- **REQUIRED ACTION**:
Set down only the lines from the one containing "Narayanasamy calls Puducherry people to be united Narayanasamy" through the final line of the entries below, exactly as they stand, with no pictures.

- **MATERIAL FOR THE TASK**:
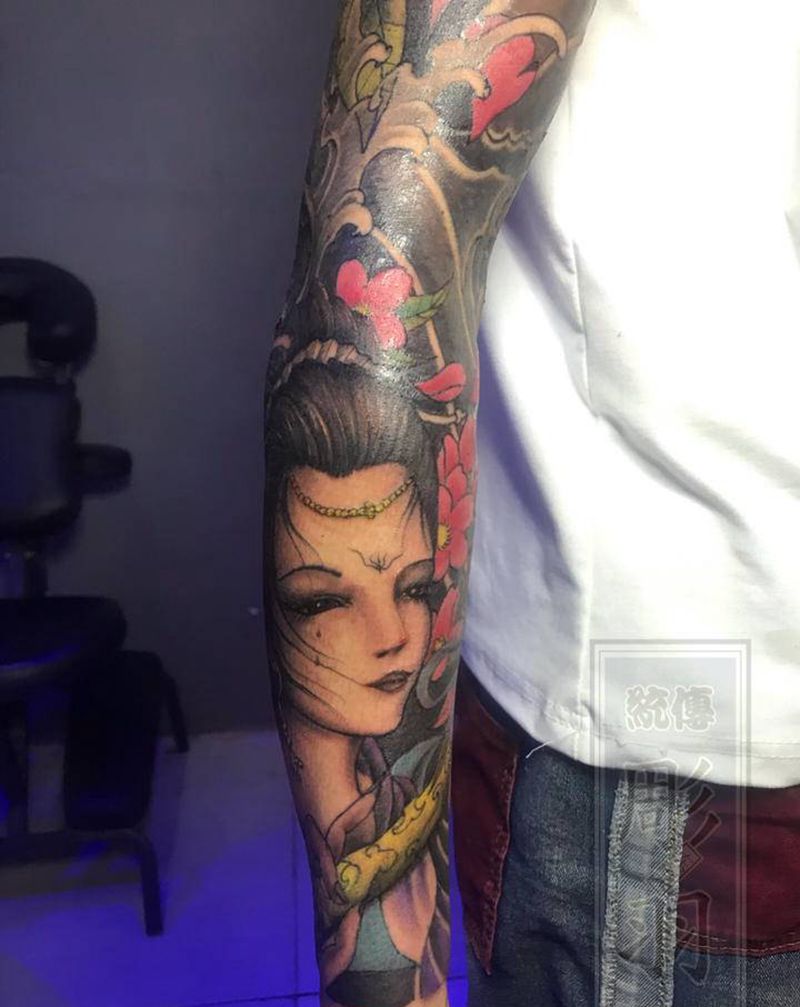 牡丹 艺妓花臂纹身图片_手臂手部新传统牡丹 艺妓纹身图案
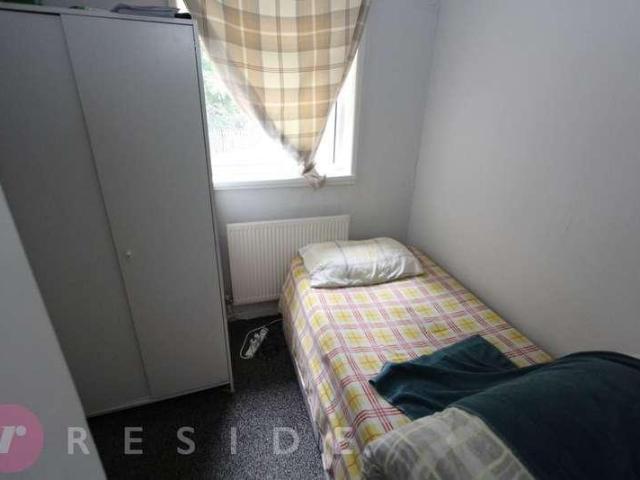 House for sale in Newbold, Burnedge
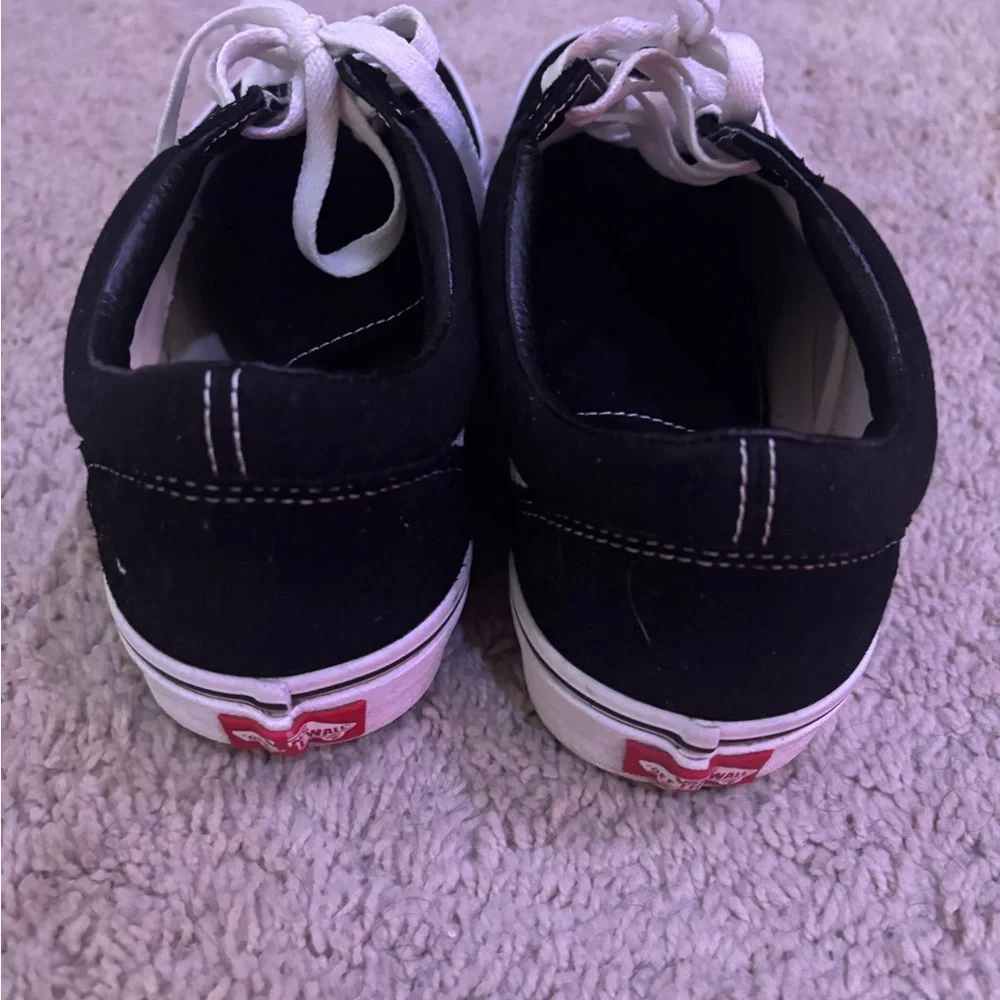 Vans Classic Black Canvas Shoes with White Detailing Mens 11 worn a couple times - Picture 4 of 4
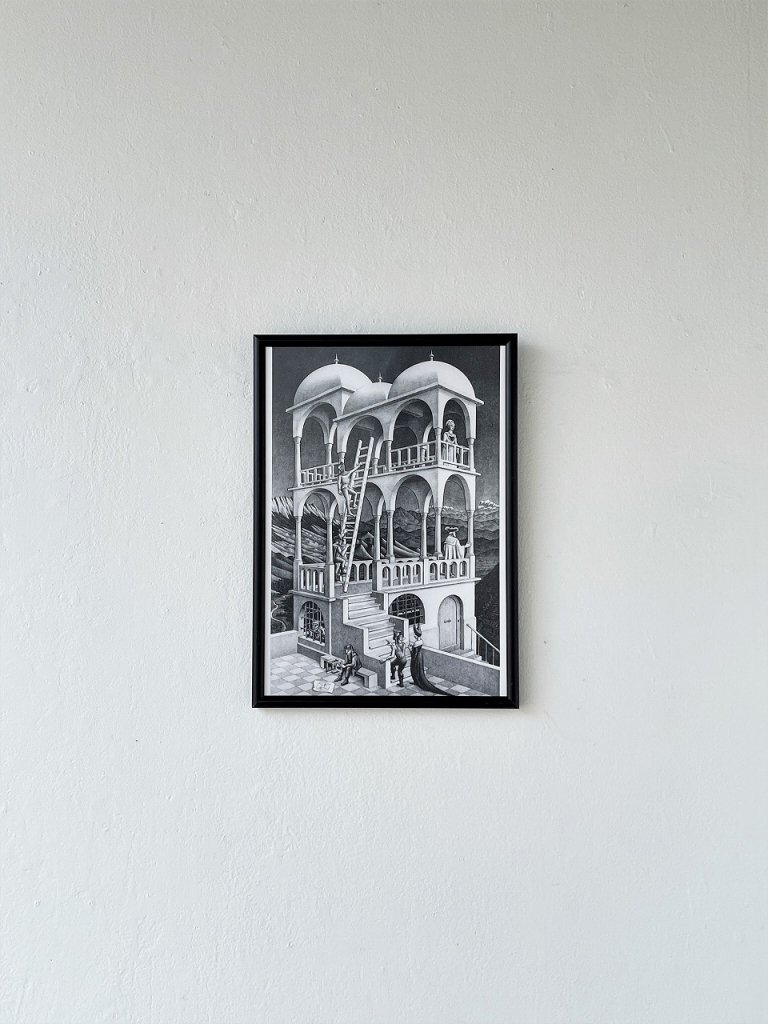 ヴィンテージ M.C. Escher ”Belvedere/物見の塔” 額入りポスター ...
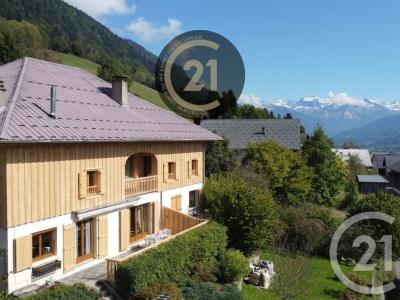 Taninges, Rodano-Alpi 74440, Francia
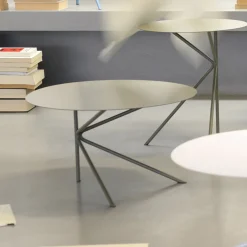 Tavolino da Caffè in Metallo Tondo, Design in Vari Colori e 2 Misure - Olesya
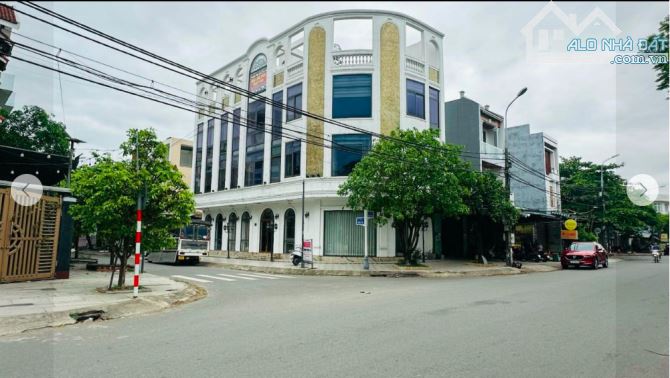 Bán nhà đẹp căn góc 2 mặt tiền đường 10,5m đường Nguyễn Đình Trọng và Đặng Tất - Liên Chiể - 1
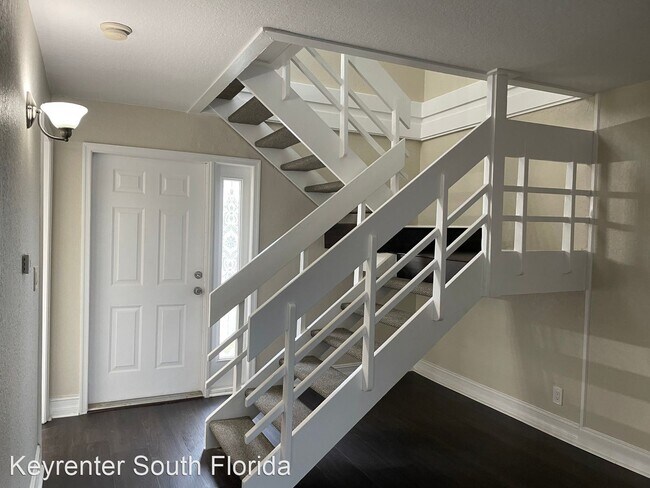Building Photo - 2 br, 1.5 bath House - 511 SW 1st Ct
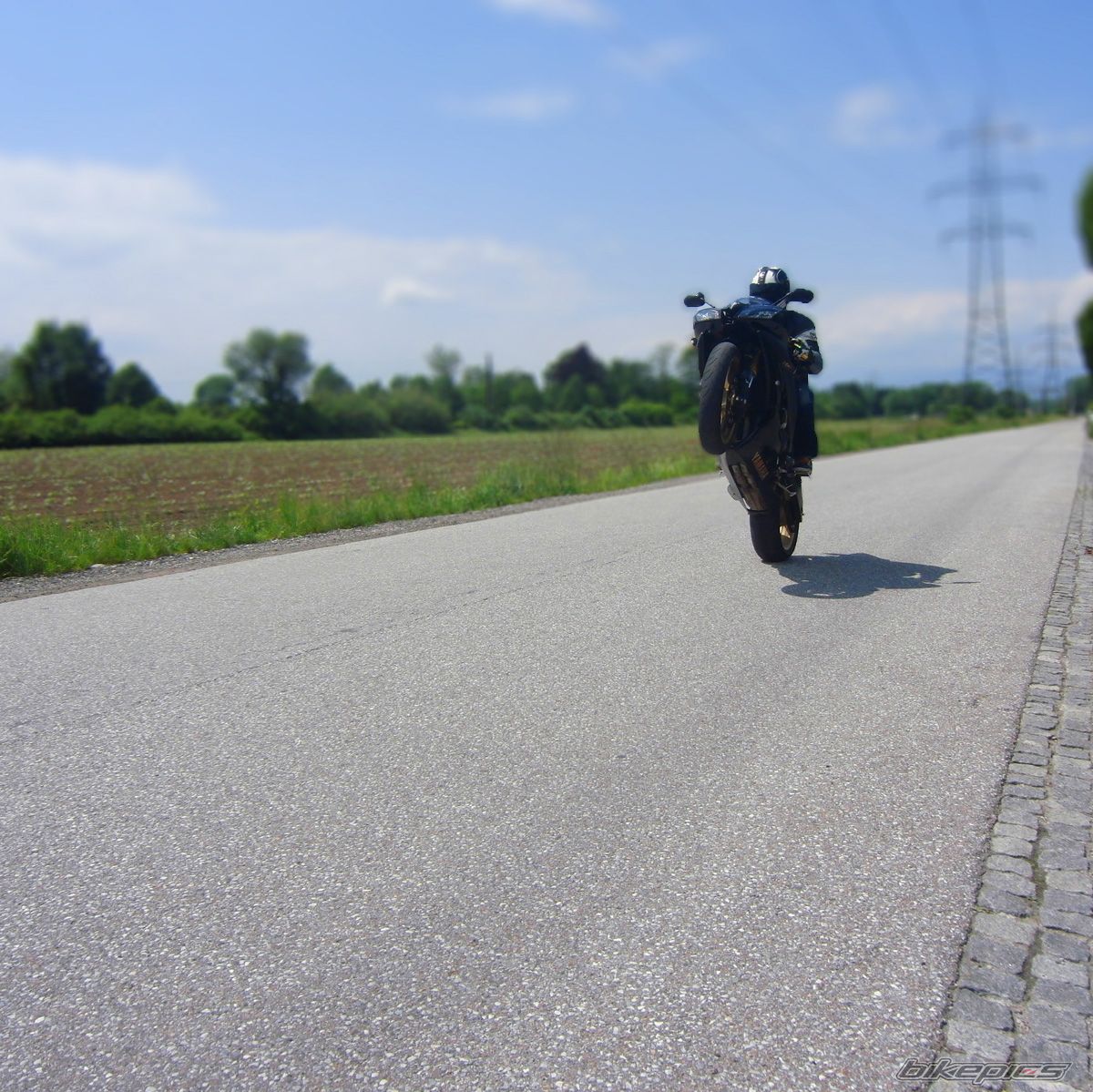 Bike Photo 2418110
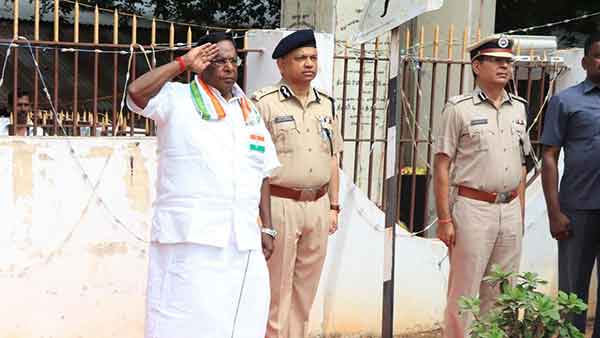 Narayanasamy calls Puducherry people to be united Narayanasamy calls Puducherry people to be united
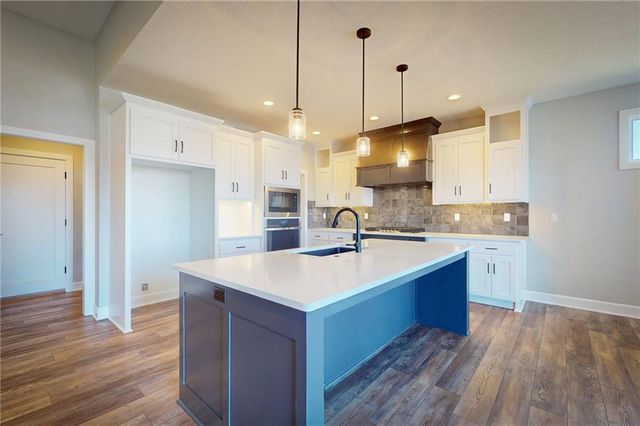 17701 Crystal Street, Overland Park, KS 66013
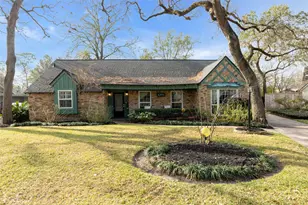 10155 Hazelhurst Dr, Houston, TX 77043 - Photo 1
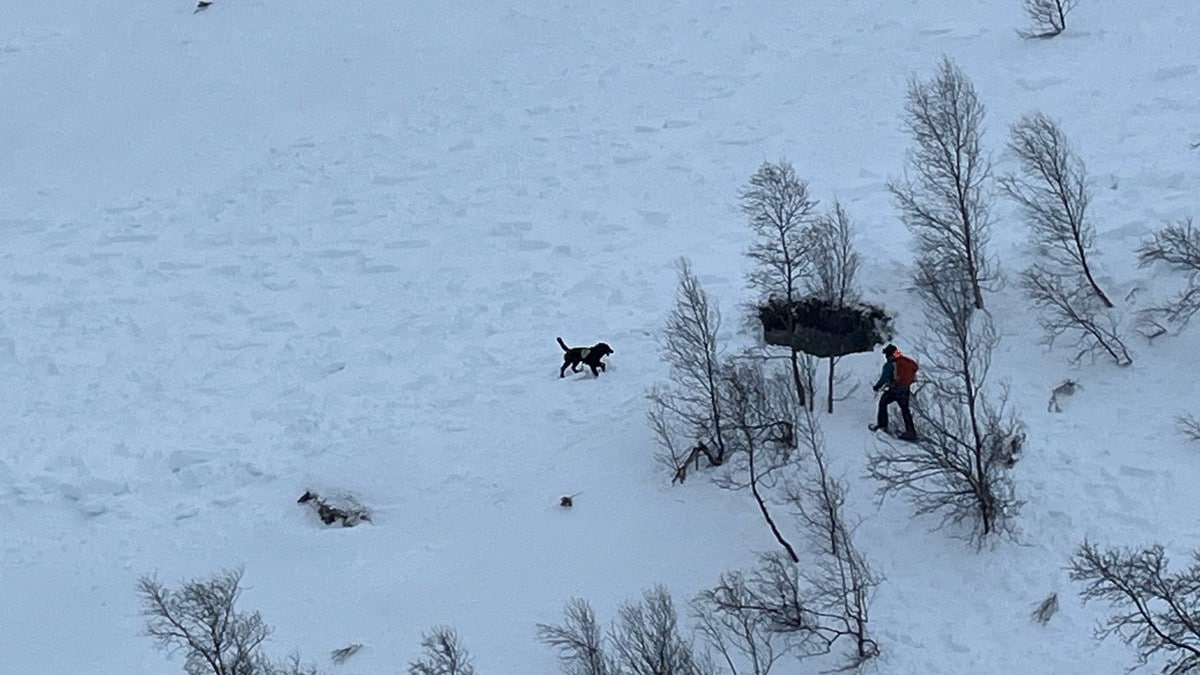 Snøskred ved skisenter – kvinne frakta til sjukehus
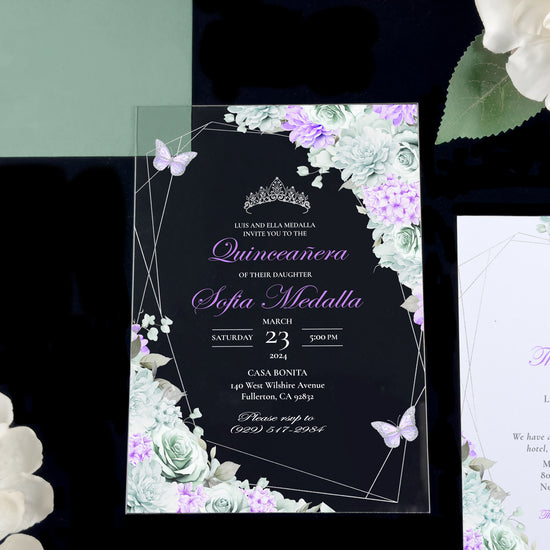 Invitación De Quinceañera en Acrílico Transparente con Mariposas Lavandas - Leila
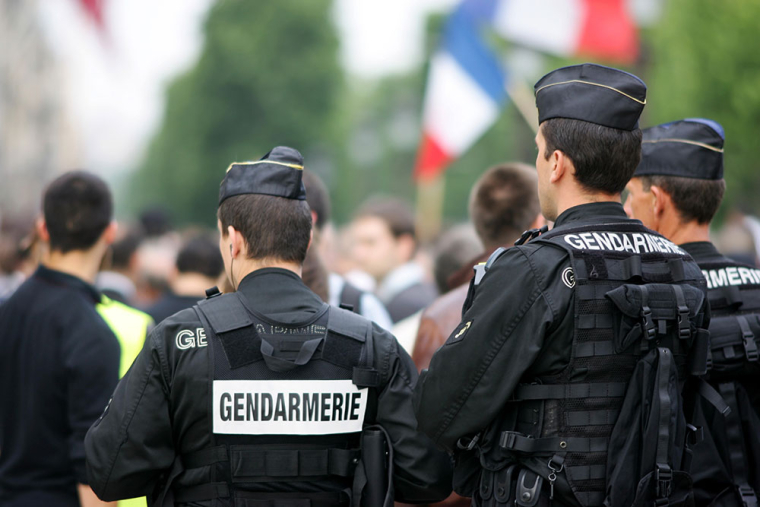 Grades et carrières - Devenir gendarme avec France Enseignement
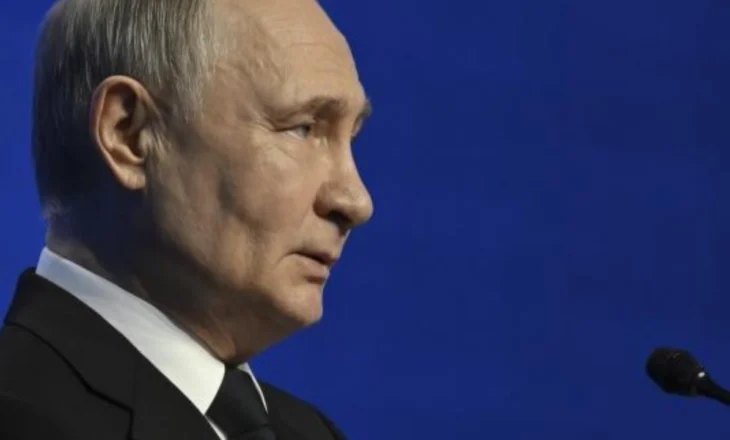 Putin mbledh elitat ruse përpara samitit në Alaskë: Rusia kërkon një “samit botëror”, jo vetëm për Ukrainën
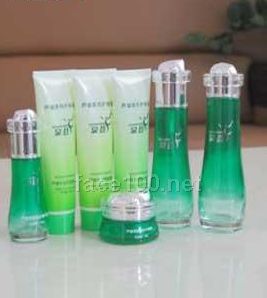 蘆薈水動(dòng)養(yǎng)顏活膚液代理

- **ANSWER BELOW**:
 Narayanasamy calls Puducherry people to be united Narayanasamy calls Puducherry people to be united
 17701 Crystal Street, Overland Park, KS 66013
 10155 Hazelhurst Dr, Houston, TX 77043 - Photo 1
 Snøskred ved skisenter – kvinne frakta til sjukehus
 Invitación De Quinceañera en Acrílico Transparente con Mariposas Lavandas - Leila
 Grades et carrières - Devenir gendarme avec France Enseignement
 Putin mbledh elitat ruse përpara samitit në Alaskë: Rusia kërkon një “samit botëror”, jo vetëm për Ukrainën
 蘆薈水動(dòng)養(yǎng)顏活膚液代理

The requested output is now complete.